County: Antrim Site name: MASSEREENE (Antrim Town)
Sites and Monuments Record No.: N/A Licence number: —
Author: Mr. C.J. Lynn, Historic Monuments Branch, Department of Finance
Site type: Religious house - Franciscan Third Order Regular
Period/Dating: Late Medieval (AD 1100-AD 1599)
ITM: E 714627m, N 886593m
Latitude, Longitude (decimal degrees): 54.714340, -6.220987
The second season’s work was concentrated on clearing the site of the church and on examining the ditches first uncovered in 1973. Excavations were possible within the garden which had prevented further digging in 1973 and the entire outline of the church foundation was exposed. The building was a simple rectangle 29.25m x 8.5m externally with the side walls 0.8m thick and the gables 1.15m thick. For most of their length the walls were ruined to the level of a broad irregular foundation course of boulders and only over short distances did the first faced course survive. No sign was found of any architectural elaboration, internal structures or even the position of the door. The interior of the church was full of burials and the disturbed garden loam, 50cm deep on average, extended down to them; there were no remains of any part of the original floor.

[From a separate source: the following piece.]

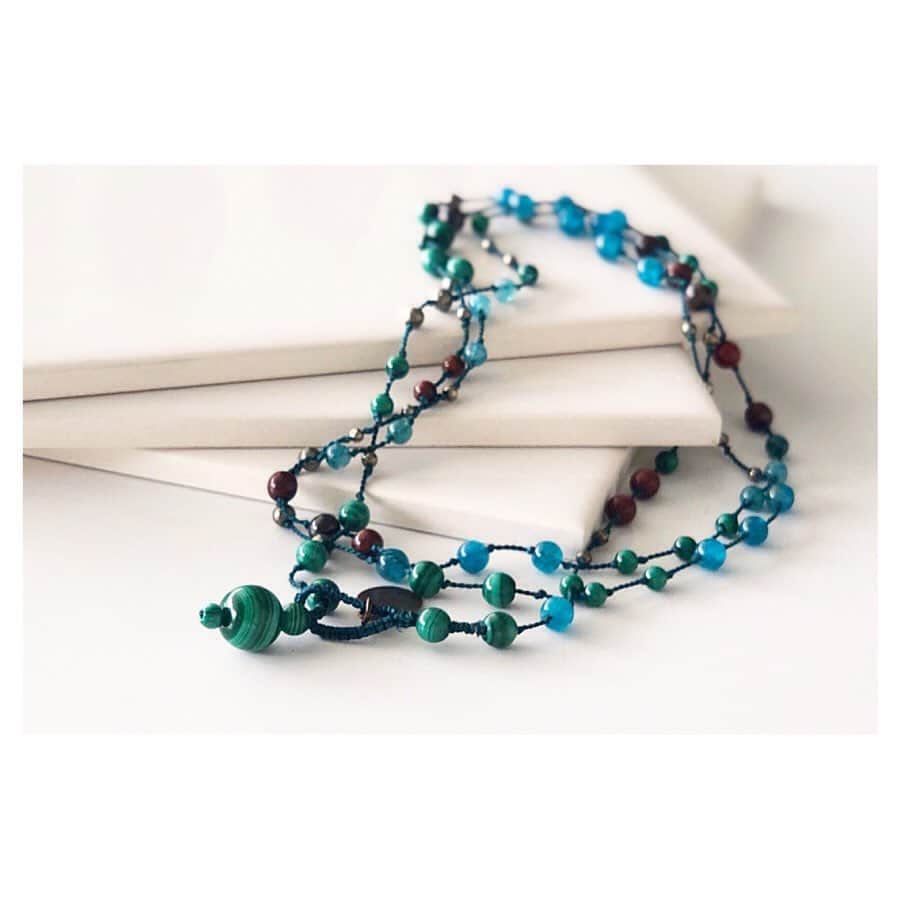 ミキアさんのインスタグラム写真 - (ミキアInstagram)「mikia original long necklace  exclusive color for mikia gallery.  mikia gallery限定色です  mikia gallery  Open  7/20(sat) 14:00-19:00 7/27(sat) 14:00-19:00  #mikia #mikiajewelry #necklace #naturalstone #handmade #japanmade」7月17日 17時54分 - mikiajewelry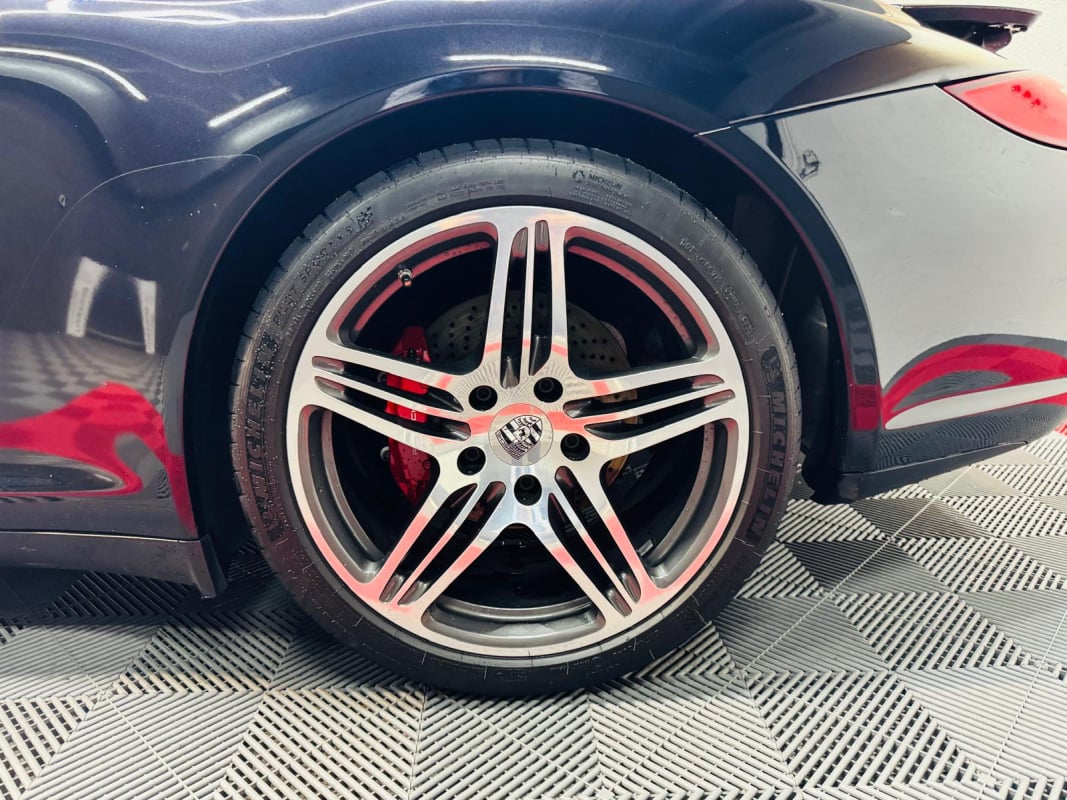 Porsche 911 997 (2) Carrera 4S BVM — 22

Outside the E gable a small dry-stone built drain ran parallel with the foundations about 20cm to the E evidently flowing to the river from the S.
It was noted that the church foundations had been markedly thickened over a distance of 9m at the E end of the S wall, that a 2.3m wide foundation ran off to the S at approximately 6.5m from the E end and that walling on the line of the E gable continued to the S past the S wall. (The area available for excavation was very constricted here because of the proximity of a dwelling house almost immediately on the other side of the boundary fence). It was thought that this might represent an attached domestic building and an early 17th century reference to “the castle of the friars” at Massereene led to the conclusion that these foundations might be part of the roughly square base of a tower house type structure. Assuming such a building to have been square internally, (though its walls were patently of differing thicknesses) a small trench was opened in the garden at the position of its SW angle; the excavation located a corner in foundations at precisely the estimated position. It is likely then, though not quite proved, that the plain rectangular friary church had a tower house type building with walls of different thickness attached to its SE end.
The ditch located to the W end of the church last season was further explored on this side and the position of an entrance causeway, spanned apparently by a low bridge, was found 10m S of the W end of the church. This main ditch, dated c. AD 1500-05. by coin evidence does not seem to have fully enclosed the church but rather to have swung off to the N and joined the Six-Mile-Water; it was probably intended more for drainage than defence. It has been suggested on indirect evidence from maps and documents that the site of the friary was remodelled to become the Fort of Massereene of the Elizabethan wars but no archaeological support for this came from the excavation.